The BlueDBM architecture is a homogeneous cluster of host servers coupled with a BlueDBM storage device (See Figure 1). Each BlueDBM storage device is plugged into the host server via a PCIe link, and it consists of flash storage, an in-store processing engine, multiple high-speed network interfaces and on-board DRAM. The host servers are networked together using Ethernet or other general-purpose networking fabric. The host server can access the BlueDBM storage device via a host interface implemented over PCIe. It can either directly communicate with the flash interface, to treat is as a raw storage device, or with the in-store processor to perform computation on the data.

The in-store processing engine has access to four major services: The flash interface, network interface, host interface and the on-storage DRAM buffer.

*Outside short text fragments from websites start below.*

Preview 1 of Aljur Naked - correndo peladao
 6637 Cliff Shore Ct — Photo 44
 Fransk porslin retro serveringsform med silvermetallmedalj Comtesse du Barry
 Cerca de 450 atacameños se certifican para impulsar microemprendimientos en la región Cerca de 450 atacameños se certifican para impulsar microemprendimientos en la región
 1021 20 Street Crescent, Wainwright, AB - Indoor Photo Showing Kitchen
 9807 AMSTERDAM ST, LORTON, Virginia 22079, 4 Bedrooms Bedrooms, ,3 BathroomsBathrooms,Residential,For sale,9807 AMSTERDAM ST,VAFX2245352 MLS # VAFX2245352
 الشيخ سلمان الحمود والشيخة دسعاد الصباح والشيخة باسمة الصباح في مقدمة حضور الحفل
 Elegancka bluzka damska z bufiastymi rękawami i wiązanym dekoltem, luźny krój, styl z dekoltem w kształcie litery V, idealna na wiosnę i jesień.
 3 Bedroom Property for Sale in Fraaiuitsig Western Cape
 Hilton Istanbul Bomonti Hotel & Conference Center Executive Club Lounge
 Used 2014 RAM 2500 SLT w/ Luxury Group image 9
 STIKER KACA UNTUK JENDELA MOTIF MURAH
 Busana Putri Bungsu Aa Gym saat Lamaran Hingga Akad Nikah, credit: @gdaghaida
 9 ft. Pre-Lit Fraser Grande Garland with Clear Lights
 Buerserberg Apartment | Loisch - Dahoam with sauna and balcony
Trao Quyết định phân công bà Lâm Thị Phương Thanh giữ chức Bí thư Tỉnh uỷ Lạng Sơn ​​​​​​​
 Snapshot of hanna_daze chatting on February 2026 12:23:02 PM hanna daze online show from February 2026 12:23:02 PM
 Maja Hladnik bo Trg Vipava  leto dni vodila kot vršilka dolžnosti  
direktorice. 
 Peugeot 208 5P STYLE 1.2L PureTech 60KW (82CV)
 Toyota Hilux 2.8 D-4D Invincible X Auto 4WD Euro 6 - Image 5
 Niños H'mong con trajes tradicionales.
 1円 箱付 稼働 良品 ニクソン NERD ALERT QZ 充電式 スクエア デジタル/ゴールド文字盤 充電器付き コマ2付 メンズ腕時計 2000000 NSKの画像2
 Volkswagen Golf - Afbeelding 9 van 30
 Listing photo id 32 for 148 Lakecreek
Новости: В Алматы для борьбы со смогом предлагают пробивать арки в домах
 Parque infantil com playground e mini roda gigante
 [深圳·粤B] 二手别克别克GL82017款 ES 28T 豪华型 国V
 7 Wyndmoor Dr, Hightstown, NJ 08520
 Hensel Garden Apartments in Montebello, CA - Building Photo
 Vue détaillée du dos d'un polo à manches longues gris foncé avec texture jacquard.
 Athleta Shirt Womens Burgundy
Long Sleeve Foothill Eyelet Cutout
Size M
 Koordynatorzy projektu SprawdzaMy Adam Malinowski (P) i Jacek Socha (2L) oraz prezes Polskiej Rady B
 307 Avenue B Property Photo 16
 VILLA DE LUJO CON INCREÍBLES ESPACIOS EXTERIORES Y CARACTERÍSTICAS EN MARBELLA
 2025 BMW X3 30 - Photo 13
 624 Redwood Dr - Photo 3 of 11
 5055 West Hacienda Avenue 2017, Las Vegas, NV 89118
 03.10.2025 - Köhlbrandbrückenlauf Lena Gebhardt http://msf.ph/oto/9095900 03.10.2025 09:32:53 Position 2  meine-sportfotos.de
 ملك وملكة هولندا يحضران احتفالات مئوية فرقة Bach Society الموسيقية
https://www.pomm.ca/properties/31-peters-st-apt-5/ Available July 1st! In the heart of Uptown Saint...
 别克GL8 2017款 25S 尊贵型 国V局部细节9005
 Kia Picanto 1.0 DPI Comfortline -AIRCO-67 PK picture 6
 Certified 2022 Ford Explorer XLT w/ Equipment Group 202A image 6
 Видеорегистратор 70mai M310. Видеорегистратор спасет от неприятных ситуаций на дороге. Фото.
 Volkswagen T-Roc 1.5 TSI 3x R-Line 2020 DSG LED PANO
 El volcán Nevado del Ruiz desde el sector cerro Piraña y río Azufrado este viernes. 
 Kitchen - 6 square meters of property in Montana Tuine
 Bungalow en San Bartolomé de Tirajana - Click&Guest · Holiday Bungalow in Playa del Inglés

Figure 1 and Figure 2 shows the four services available to the in-store processor. In the following sections we describe the flash interface, network interface and host interface in order. We omit the DRAM buffer because there is nothing special about its design.

#### 3.1. Flash Interface

Flash devices or SSDs achieve high bandwidth by grouping multiple flash chips into several channels, all of which can operate in parallel. Because NAND flash has limited program/erase cycles and frequent errors, complex flash management algorithms are required to guarantee reliability. These include wear leveling, garbage collection, bit error correction and bad block management. These functions are typically handled by multiple ARM-based cores in the SSD controller. The host side interface of an SSD is typically SATA or PCIe, using AHCI or NVMe protocols to communicate with host. SSDs are viewed as a typical block device to the host operating system, and its internal architecture and management algorithms are completely hidden.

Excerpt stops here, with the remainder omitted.